Here’s the source code for the project.
Nice post,
but would you not be able to write a Linq to XML Query and simply call (the Rx Lib version of) ToObservable() on the linq query in order to consume the query results in a reactive /pushed fashion?
Steven, thanks for the comment! From my understanding, Linq to Xml is not a forward-only technology and therefore would require that all Xml be loaded into memory before parsing. For most Xml documents the performance and memory savings probably isn’t worth the trouble but for large xml documents my technique would have an advantage.
Nevertheless, that is a great idea and certainly a much simpler approach if all you’re after is reactive-style Xml parsing.
😦
Tim are you try to apply this “reader” to TcpClient stream with infinite xmlfeed?
while (reader.Read())
reads current message from stream
observer.OnNext(reader);
pushes to observer a reader to NEXT message while message can be readed from the stream only one time.
Hi Tim!
I was wondering if the extension method is async or not?
If not, how we could implement async?
how about:
Observable.CreateWithDisposable(observer =>
Scheduler.CurrentThread.Schedule(() =>
Mike, you can just call:
NameFinder
.SubscribeOn(Scheduler.NewThread)
.ObserveOn(Scheduler.Dispatcher)
.Subscribe(…);
The extra ObserveOn method is optional and used to make sure your callbacks are called on the UI thread.
ups.
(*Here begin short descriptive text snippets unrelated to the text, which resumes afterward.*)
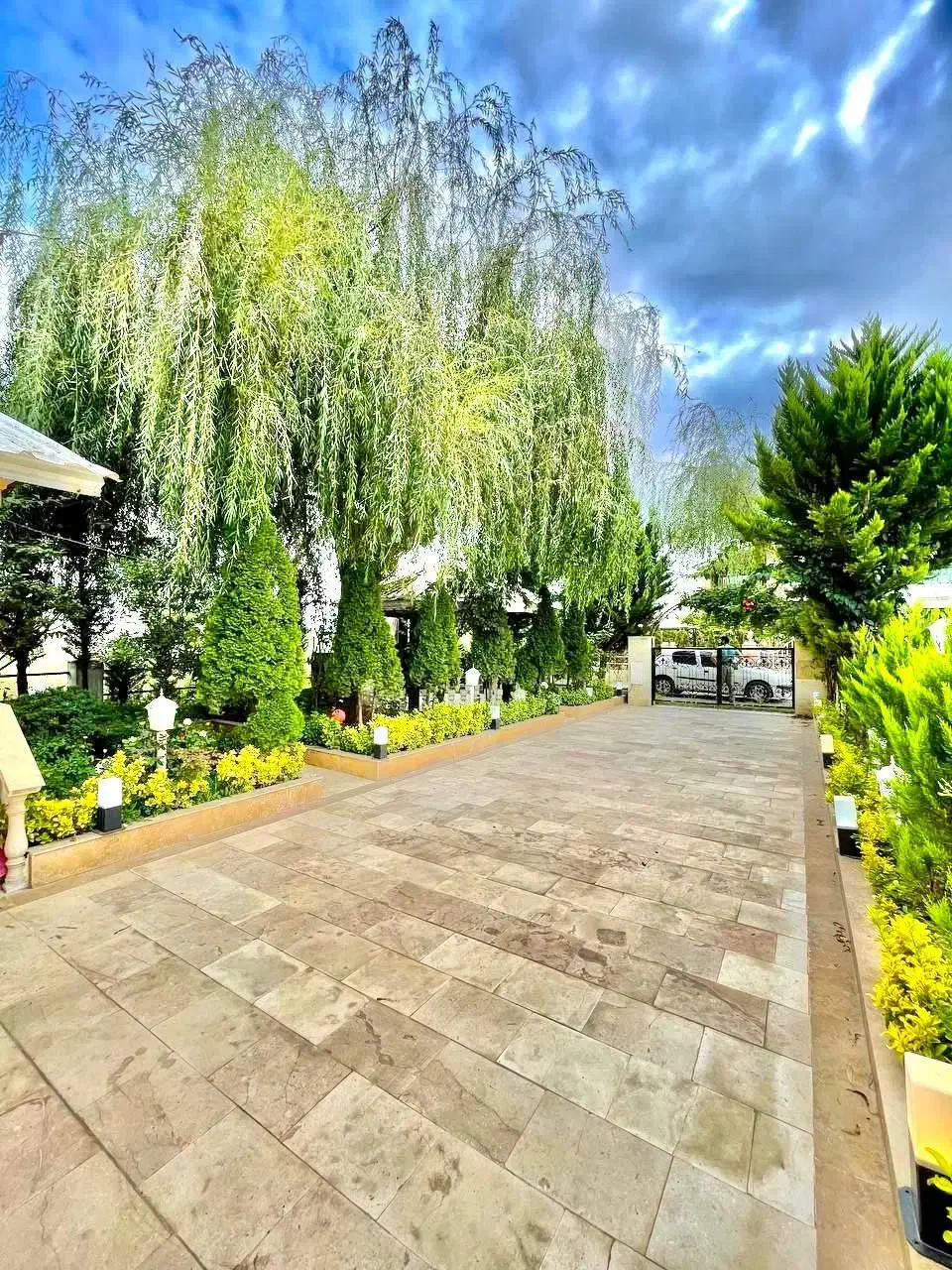 ویلاکلاسیک/۲۵۰/متری مبله سندتک برگ نزدیک جاده اصلی|فروش خانه و ویلا|امامزاده عبدالله, |دیوار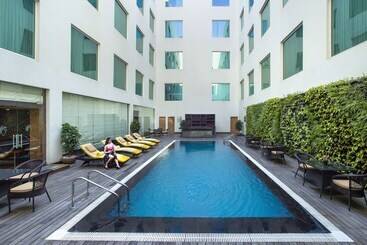 هتل Expoinn Suites And Convention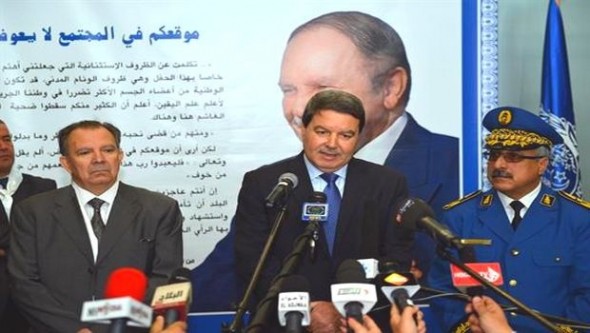 Le Général-major Hamel annonce la suppression de la fiche de renseignements pour les voyageurs à l'aéroport d'Alger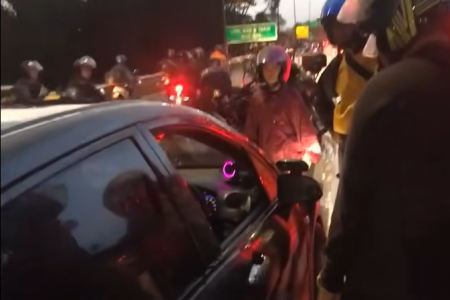 S'pore driver mobbed at Tuas Checkpoint after allegedly hitting motorbike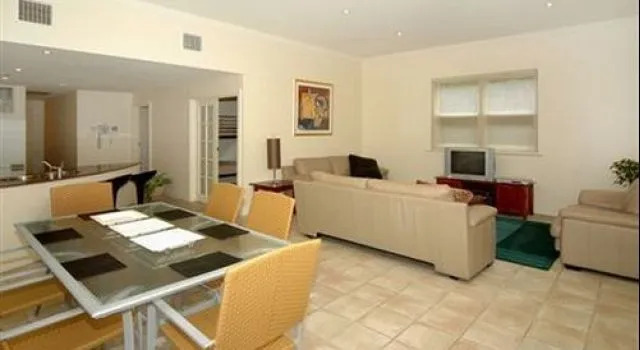 Aaa Cityfringe Apartments - Adelaide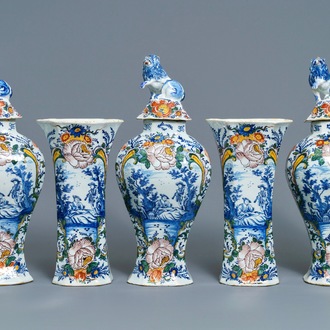 Une garniture de cinq vases en faïence de Delft polychrome à décor romantique, 18ème
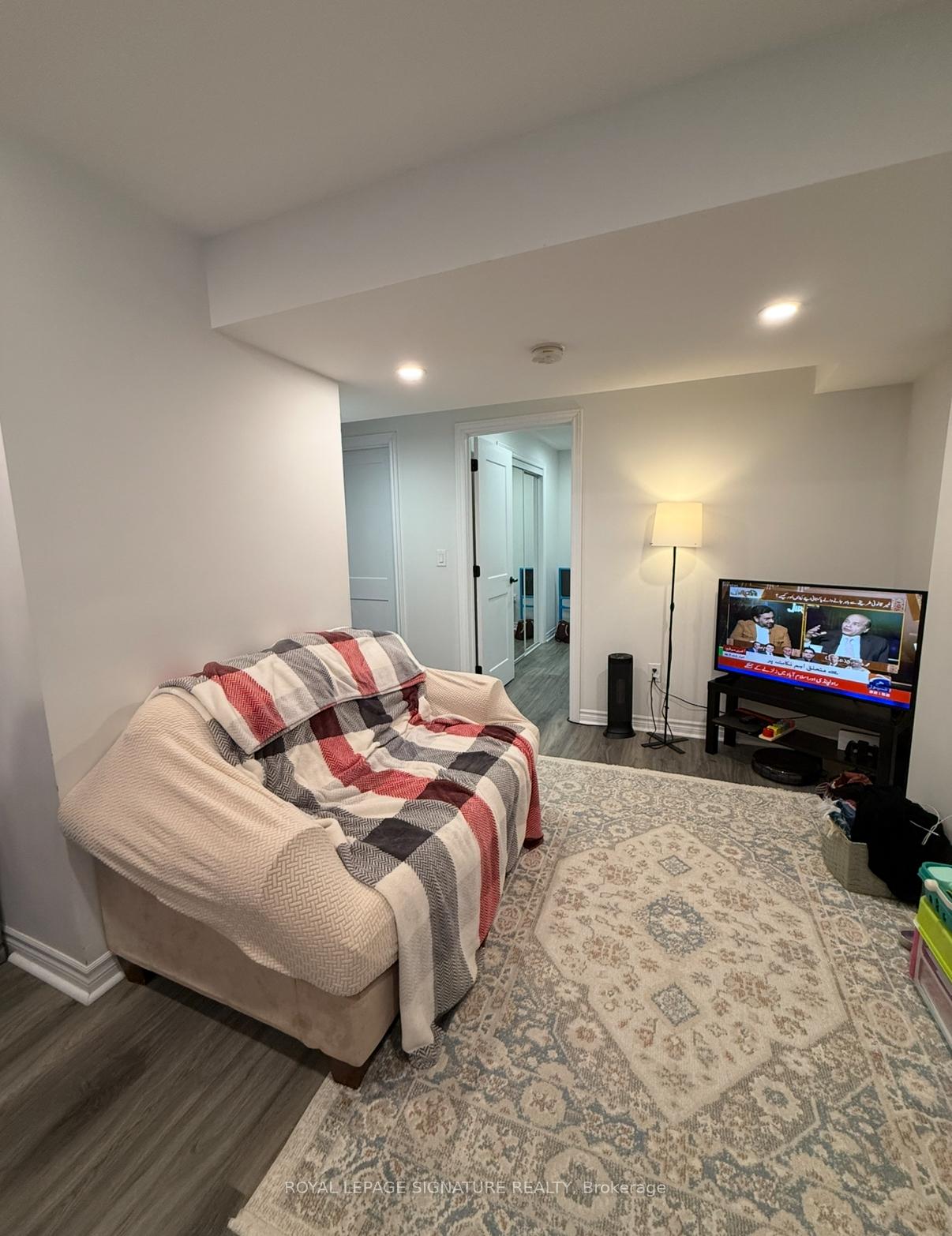 Photo 4 of Unit BSMT, 477 Bessborough Drive, Milton, Harrison — HOMEH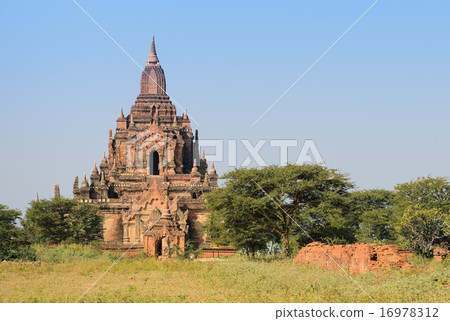 Ancient temples in Bagan, Myanmar Ancient temples in Bagan, Myanmar 16978312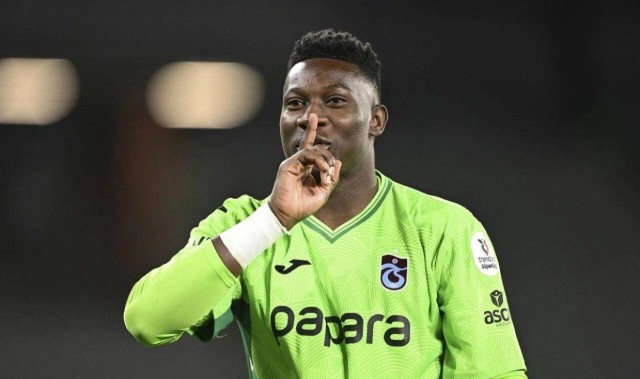 迷之自信！曝奥纳纳执意回归曼联将踢季前赛，欲击败拉门斯重获主力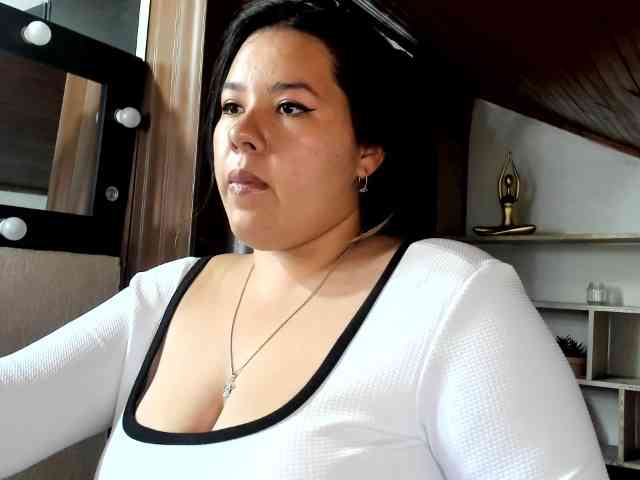 LinaBrowm webcam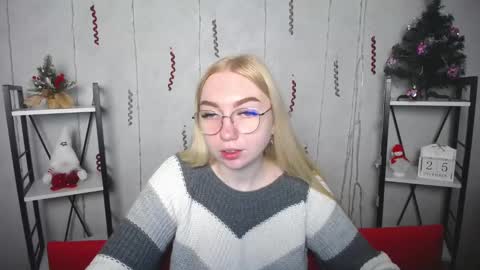 Snapshot of beatriceflyy chatting on 12.25.24 BeatriceFlyy online show from 12.25.24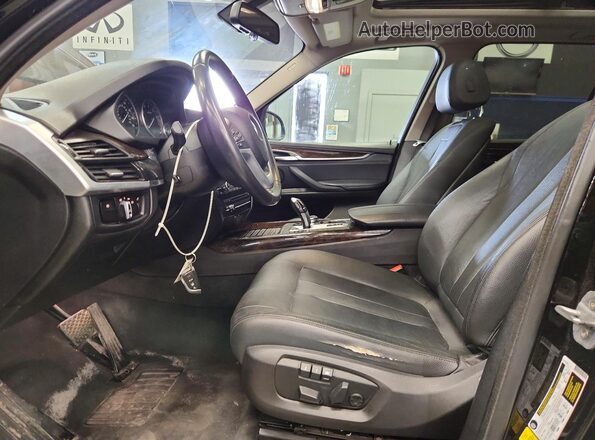 5UXKR0C51G0P27730 2016 BMW X5 Черный Вид панели приборов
Please remove my previous comment if posible.
Full sample of xml streamed reader:
using System;
using System.Concurrency;
using System.IO;
using System.Linq;
using System.Text;
using System.Xml;
using System.Xml.Serialization;
namespace BetradarLiveOdds.Test
{
public class TestReader
{
[Serializable]
public class Test
{
[XmlAttribute]
public int id;
}
public void TestXmlReader()
{
XmlSerializer serializer = new XmlSerializer(typeof(Test));
string fragmentElementName = “Test”;
string XmlData = “”;
var observableReader = Observable.Generate(
XmlReader.Create(new MemoryStream(Encoding.UTF8.GetBytes(XmlData)), GetReaderSettings()),
reader => !reader.EOF && reader.ReadToFollowing(fragmentElementName),
reader => reader, reader => reader.ReadSubtree(), Scheduler.NewThread);
observableReader
.Select(reader =>
{
return ((Test)serializer.Deserialize(reader)).id;
})
.Subscribe(Console.WriteLine);
Console.ReadLine();
}
///
/// Returns streamed XmlReader settings
///
///
///
private static XmlReaderSettings GetReaderSettings()
{
XmlReaderSettings settings = new XmlReaderSettings();
settings.ConformanceLevel = ConformanceLevel.Fragment;
settings.CloseInput = false;
settings.CheckCharacters = false;
settings.DtdProcessing = DtdProcessing.Ignore;
settings.IgnoreComments = false;
settings.IgnoreProcessingInstructions = false;
settings.IgnoreWhitespace = false;
settings.MaxCharactersInDocument = 0;
settings.ValidationType = ValidationType.None;
return settings;
}
}
}
string XmlData = “<Test id=’1′ /><Test id=’2’/><Test id=’3’/><Test id=’4’/><Test id=’5’/><Test id=’6’/><Test id=’7’/><Test id=’8’/>”;
Hi Tim!
Thanks for your reply.
One more question about canceling an operation by using CreateWithDisposable.
check the following code:
public IObservable ParseXML(string xmlString)
{
return Observable.CreateWithDisposable(observer =>
Scheduler.ThreadPool.Schedule((() =>
{
….
}
);
}
What is missing so I could do the following:
IDisposable processor = ParseXML(xml).ObserveOnDispatcher().Subscribe((item) => names.Add(item));
processor.Dispose();
currently the dispose call is not been called.